> **Information provided**:
|---|
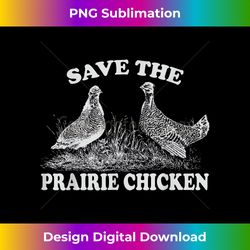 save the prairie chicken t- vintage conservation tee - sleek sublimation png download - spark your artistic genius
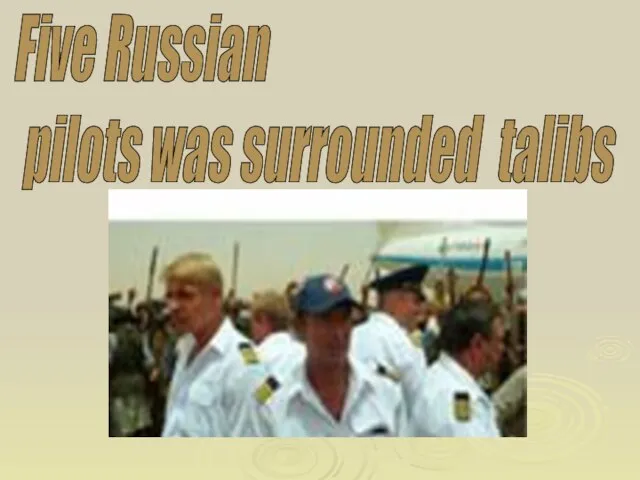 Five Russian pilots was surrounded talibs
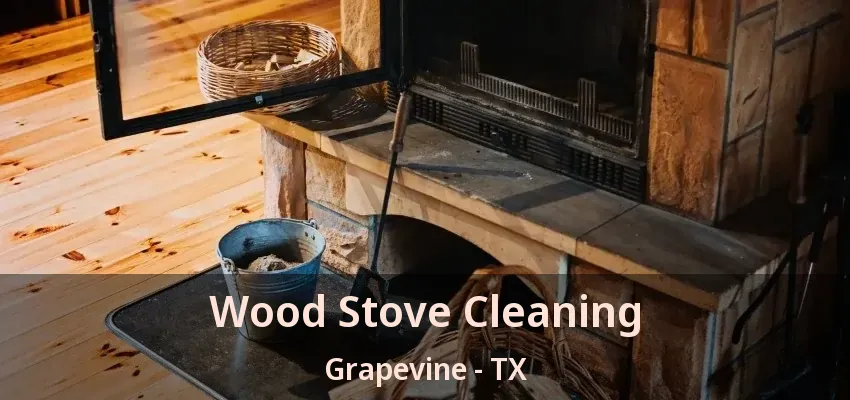 Wood Stove Cleaning Grapevine - TX
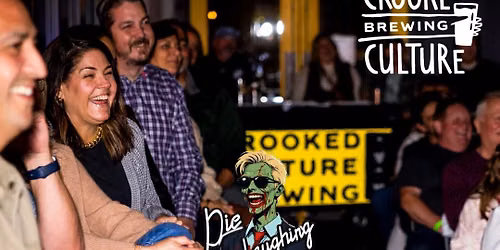 7pm: Die Laughing Comedy @ Crooked Culture ( Cumming, GA )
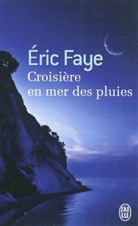 Cédric Faye, Eric Faye, Faye Eric - Croisière en mer des pluies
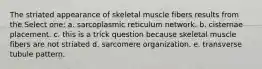 The striated appearance of skeletal muscle fibers results from the Select one: a. sarcoplasmic reticulum network. b. cisternae placement. c. this is a trick question because skeletal muscle fibers are not striated d. sarcomere organization. e. transverse tubule pattern.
|---|
Copy exactly the lines from the line that has "7pm: Die Laughing" through the last line of the entries above, inclusive, and no others. Pictures do not go in the copy.

> **Written answer**:
 7pm: Die Laughing Comedy @ Crooked Culture ( Cumming, GA )
 Cédric Faye, Eric Faye, Faye Eric - Croisière en mer des pluies
 The striated appearance of skeletal muscle fibers results from the Select one: a. sarcoplasmic reticulum network. b. cisternae placement. c. this is a trick question because skeletal muscle fibers are not striated d. sarcomere organization. e. transverse tubule pattern.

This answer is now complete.